Growing The Fall Vegetable Garden Part 1

I finally started my fall vegetable garden. I planted it in one of my 4'x3' raised beds by planting lettuce, radishes, onions, broccoli and more summer squash. I know summer squash isn't a fall vegetable crop but I'm hoping to get one more batch of yellow crookneck squash before the first frost. This raised bed is the first of  4 raised beds that I will convert from summer vegetables to fall vegetables in the coming days.

One of the biggest advantages to fall gardening is the lack of insects to bother the plants or the gardener. Most insects will have completed their life-cycle with the fall vegetables are picking up speed which is great for those plants!

I did a little preparation before planting that should help the fall vegetables along. I leveled the bed and removed any weeds then I did something different as an experiment. I moved the dirt from one side to the other and layered newspaper then moved the dirt back over it. Then I repeated the process with the other side. My thought was that the newspapers would act as a water retention device and keep the water closer to the plants longer. The newspapers will break down eventually and add to the organic matter already in the bed. Then I leveled the bed again and tamped down the surface with my garden rake.

Before planting seeds I made sure that the vegetable bed was well moistened with cool water.

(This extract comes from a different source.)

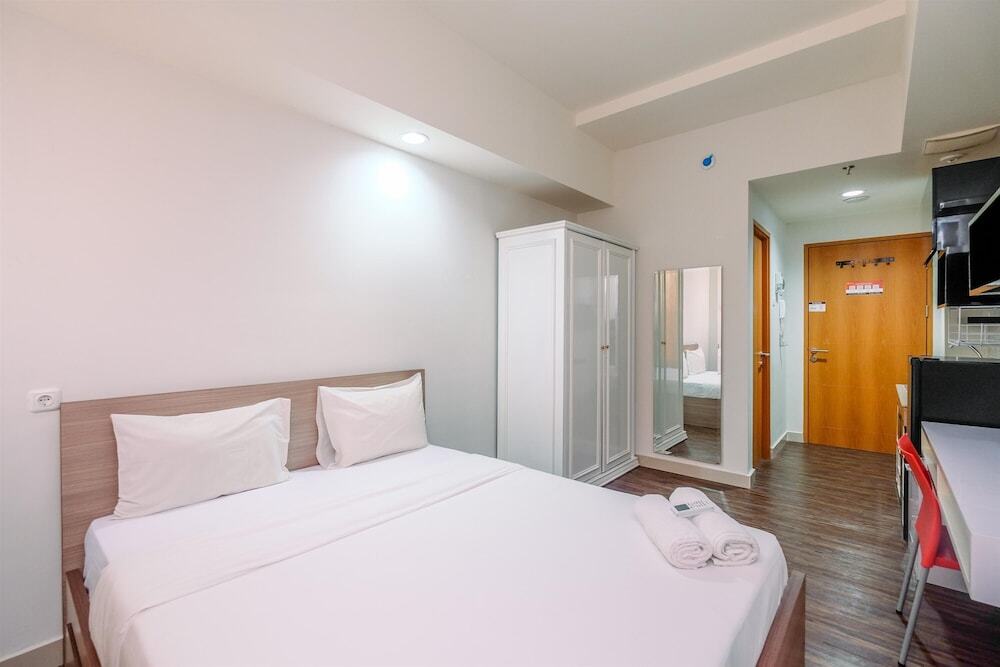 Депок: Nice And Comfort Studio At Evenciio Apartment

Most spring and fall vegetable seeds prefer cooler temperatures for germination and watering with cool water may help to offset some of the summer heat we are still experiencing. Fortunately the nights have been much cooler which should help the seeds. To prevent the rodents from getting into the bed I'll be putting up a small plastic mesh around each bed. I'll wait on the mesh until some of the seeds have germinated.

My next raised bed will have spinach, a second round of lettuce and radishes. I may sneak some beets in there too since I love beets! By sequencing the lettuce I can spread out the harvest. The spinach is very cold tolerant and should last much of the winter.

Have you started your fall vegetable garden yet?